By Donella Meadows
–April 26, 1990–
With an aha! gotcha! flourish a skeptical reader sent me a recent news release about global warming. “Scientists who analyzed 10 years of weather satellite data found no evidence that the earth has warmed from the so-called greenhouse effect,” it said. “The northern hemisphere goes up slightly during those 10 years and the southern hemisphere goes down slightly…. The data cannot be used to say we’ve got an enhanced greenhouse effect.”
My correspondent fumed, “Why don’t you recognize this in your weekly diatribe?”
I’m happy to recognize it, but in fairness I need to recognize all the information the scientific community is putting forth to prove or disprove that the planet is running a fever. It doesn’t add up to an easy gotcha! for either greenhouse alarmists or skeptics. It mainly shows how hard it is to take the temperature of a planet.
For instance:
Temperature measurements made at the earth’s surface show a slight cooling from 1940 to 1965 and an increase since then, with a distinct rise in the 1980s. By these records the five hottest years of the past century were (in increasing order) 1980, 1983, 1987, 1981, 1988. Looks like a greenhouse effect, doesn’t it?
The trouble is, those measurements come from 2000 meteorological stations not at all evenly distributed over the earth’s surface (most are in the northern hemisphere). Their number and position change over time. They could be influenced by the local warming of urban heat islands. On the other hand the satellite data quoted by my correspondent come from a series of changing satellites, whose instruments are not so easily calibrated as instruments on the ground. And they only cover 10 years, not nearly enough time to spot a climate change.
The best place to look for the greenhouse effect should be near the poles, which are expected to warm much more than the equator.

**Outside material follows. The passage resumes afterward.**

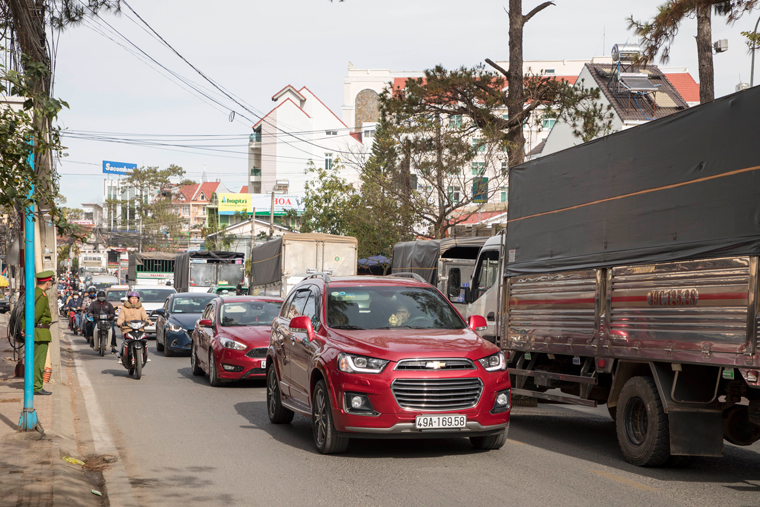 Lượng xe đông đúc vào cuối tuần tại khu vực Phan Chu Trinh – Trần Quý Cáp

Sure enough, permafrost in the Alaskan Arctic seems to be warming rapidly — as much as five degrees F. in last 50 or so years. Tree ring measurements of northern forests also indicate warming.
But Alaska is too small a sample of the Arctic to be significant. And tree rings are affected by other things than temperature, such as moisture and acid rain.

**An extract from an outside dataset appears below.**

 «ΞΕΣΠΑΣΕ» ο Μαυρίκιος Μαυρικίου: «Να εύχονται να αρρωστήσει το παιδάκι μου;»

Ice melting should be a clue to global warming. Sea ice off Antarctica decreased alarmingly in 1970s. But then it began to bounce back in the 1980s.

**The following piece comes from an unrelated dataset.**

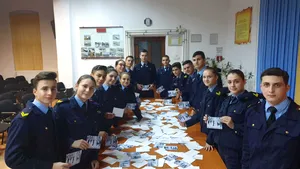 Elevii Colegiului Militar din Craiova le-au trimis scrisori şi felicitări militarilor din Afganistan. Mesagerul neobişnuit care a dus plicurile | FOTO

The greenhouse effect should warm the lower atmosphere but cool the high stratosphere. That checks out — there are clear measurements of stratospheric cooling.
A warmer ocean should expand and raise the sea level. Sea level is indeed going up, but only at the rate it has been for a century or more. There is no sign of the acceleration that would be expected from greenhouse warming.
Just to complicate matters, scientists who monitor the varying output of the sun say that since 1979 incoming solar energy has been on a slight downturn — the decrease has been just about exactly the amount that would offset the predicted warming from greenhouse gases.
With all this contradictory evidence, you might expect scientists to be undecided about the greenhouse effect. Most of them aren’t, however. A recent poll (conducted by the journal Climatic Change) of 22 leading U.S. scientists who study the earth’s climate showed that 18 of the 22 believe strongly in the ultimate reality of the greenhouse effect. Only two indicated disbelief.
Are the scientists being unscientific? No, they are just looking at causes as well as effects. Measurable warming is an effect, and a long-delayed one at that. Its cause is the buildup of heat-trapping gases in the atmosphere. Those gases are easily measured. There is no doubt whatsoever that they are increasing — because we release them when we burn fossil fuels, destroy forests, and generate various kinds of air pollutants.
Will the buildup of heat-trapping gases warm the planet? It might not, if other cooling factors overwhelm it, or if there are self-correcting features of the global climate system we don’t understand. The warming might have already started, but our ways of measuring might be too crude to detect it. It might still be ahead of us, because of the thermal drag of the oceans. But its cause is there. Rationally you’d have to say the effect is very likely.
To hold up preventive action, waiting for an unmistakable measurement of actual warming, is like smoking an increasing number of cigarettes, refusing to stop until we can measure the lung cancer. By some lucky miracle we might escape the cancer. It could already be there but not yet detectable. For sure, by the time it’s unmistakable, its treatment will be painful and perhaps too late.
Are ten years of satellite data enough to disprove the greenhouse effect? No.
Are the hot years of the 1980s enough to prove the greenhouse effect? No.
Does that mean we should do nothing about the greenhouse effect? No.